Similarly in the case of The Management of
Tournamulla Estate Vs. Workmen [(1973) 2 SCC 502], this
Court while considering the denial of gratuity to a dismissed
workmen held:

“If a workman is guilty of a serious misconduct
such as acts of violence against the management or
disorderly behaviour in or near the place of
employment, which though not directly causing
damage, is conducive to grave indiscipline, then
his gratuity can be forfeited in its entirety. ”
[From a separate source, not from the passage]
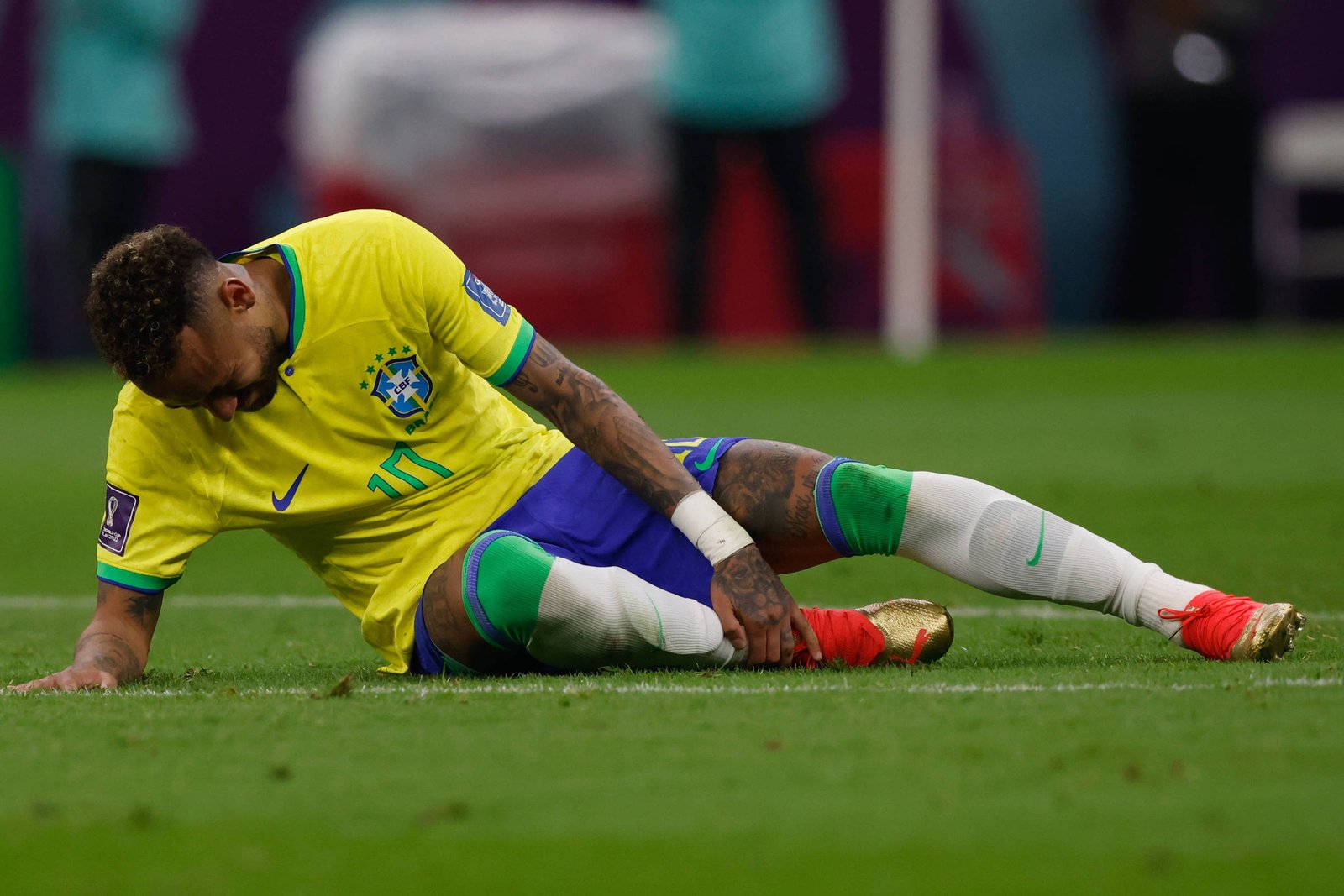 Por que os jogadores de futebol se machucam tanto? Entenda os principais tipos de lesão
From the above it is clear that this Court has considered
an act of violence as an act of grave misconduct calling for
stringent punishment.

From the facts narrated herein above, the ratio laid down
in two cases referred to herein above amply applies to the
appeal in hand. The courts below by condoning an act of
physical violence have undermined the discipline in the
organisation, hence, in the above factual backdrop, it can never
be said that the Industrial Tribunal could have exercised its
authority under Section 11 (A) of the Act to interfere with the
punishment of dismissal. Substituting the order of dismissal in
such a case withholding of one increment in our opinion is
wholly disproportionate to the gravity of misconduct and is
unsupportable.

Herein it is worthwhile to recall the finding of the learned
Single Judge who has rightly held that the assault on the senior
officials by the workmen in discharging of their duties is a
misconduct and in such a situation officials who are managing
the affairs will be demoralised.

This being the factual situation we are of the opinion that
the orders of the courts below modifying the punishment of
dismissal is unsustainable.

For the reasons stated above, the impugned orders of the
Tribunal, Single Judge of the High Court and the Division
Bench of the High Court are set aside and the order of dismissal
of the appellant-Management in regard to the respondent –
workmen concerned is upheld. The appeal is allowed.

C.A. NO. 1347 OF 2005
Leave granted.

In view of the order made by us in Civil Appeal No. 3439
of 2003 this appeal is also allowed.